(Records for the exercise)

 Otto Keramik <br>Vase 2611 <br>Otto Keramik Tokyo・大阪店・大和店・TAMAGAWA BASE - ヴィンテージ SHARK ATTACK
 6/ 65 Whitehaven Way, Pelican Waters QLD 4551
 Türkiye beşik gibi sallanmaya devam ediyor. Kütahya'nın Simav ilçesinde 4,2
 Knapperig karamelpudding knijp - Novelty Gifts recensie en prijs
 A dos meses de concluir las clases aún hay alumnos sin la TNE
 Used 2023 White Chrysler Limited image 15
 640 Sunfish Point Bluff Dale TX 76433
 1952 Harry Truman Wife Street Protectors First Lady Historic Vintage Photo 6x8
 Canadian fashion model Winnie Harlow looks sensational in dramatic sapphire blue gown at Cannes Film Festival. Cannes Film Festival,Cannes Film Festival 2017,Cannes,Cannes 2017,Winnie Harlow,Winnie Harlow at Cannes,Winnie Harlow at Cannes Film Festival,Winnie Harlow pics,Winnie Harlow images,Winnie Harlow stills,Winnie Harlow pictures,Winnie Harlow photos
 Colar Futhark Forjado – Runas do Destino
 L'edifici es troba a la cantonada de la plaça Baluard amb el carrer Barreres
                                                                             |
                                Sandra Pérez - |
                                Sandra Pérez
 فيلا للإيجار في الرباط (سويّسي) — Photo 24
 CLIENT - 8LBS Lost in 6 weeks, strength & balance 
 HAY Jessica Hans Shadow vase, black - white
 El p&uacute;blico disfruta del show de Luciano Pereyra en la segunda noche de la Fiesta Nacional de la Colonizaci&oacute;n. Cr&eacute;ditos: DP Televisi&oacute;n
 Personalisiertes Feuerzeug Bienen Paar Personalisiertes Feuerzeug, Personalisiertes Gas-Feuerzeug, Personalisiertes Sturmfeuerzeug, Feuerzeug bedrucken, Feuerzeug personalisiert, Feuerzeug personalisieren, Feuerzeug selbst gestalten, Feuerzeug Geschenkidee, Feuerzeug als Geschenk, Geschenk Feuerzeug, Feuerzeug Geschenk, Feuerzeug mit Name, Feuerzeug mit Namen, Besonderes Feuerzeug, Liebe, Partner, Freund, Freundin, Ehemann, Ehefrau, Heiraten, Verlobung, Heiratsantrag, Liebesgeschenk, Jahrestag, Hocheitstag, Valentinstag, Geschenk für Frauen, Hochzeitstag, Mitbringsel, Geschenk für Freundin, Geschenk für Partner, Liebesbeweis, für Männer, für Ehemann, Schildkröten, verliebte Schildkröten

(End Records for the exercise)

Assigned task
Out of the entries above, write out only the lines between the line holding "1952 Harry Truman" and the line holding "El p&uacute;blico disfruta", inclusive, each exactly as given.

Task result
 1952 Harry Truman Wife Street Protectors First Lady Historic Vintage Photo 6x8
 Canadian fashion model Winnie Harlow looks sensational in dramatic sapphire blue gown at Cannes Film Festival. Cannes Film Festival,Cannes Film Festival 2017,Cannes,Cannes 2017,Winnie Harlow,Winnie Harlow at Cannes,Winnie Harlow at Cannes Film Festival,Winnie Harlow pics,Winnie Harlow images,Winnie Harlow stills,Winnie Harlow pictures,Winnie Harlow photos
 Colar Futhark Forjado – Runas do Destino
 L'edifici es troba a la cantonada de la plaça Baluard amb el carrer Barreres
                                                                             |
                                Sandra Pérez - |
                                Sandra Pérez
 فيلا للإيجار في الرباط (سويّسي) — Photo 24
 CLIENT - 8LBS Lost in 6 weeks, strength & balance 
 HAY Jessica Hans Shadow vase, black - white
 El p&uacute;blico disfruta del show de Luciano Pereyra en la segunda noche de la Fiesta Nacional de la Colonizaci&oacute;n. Cr&eacute;ditos: DP Televisi&oacute;n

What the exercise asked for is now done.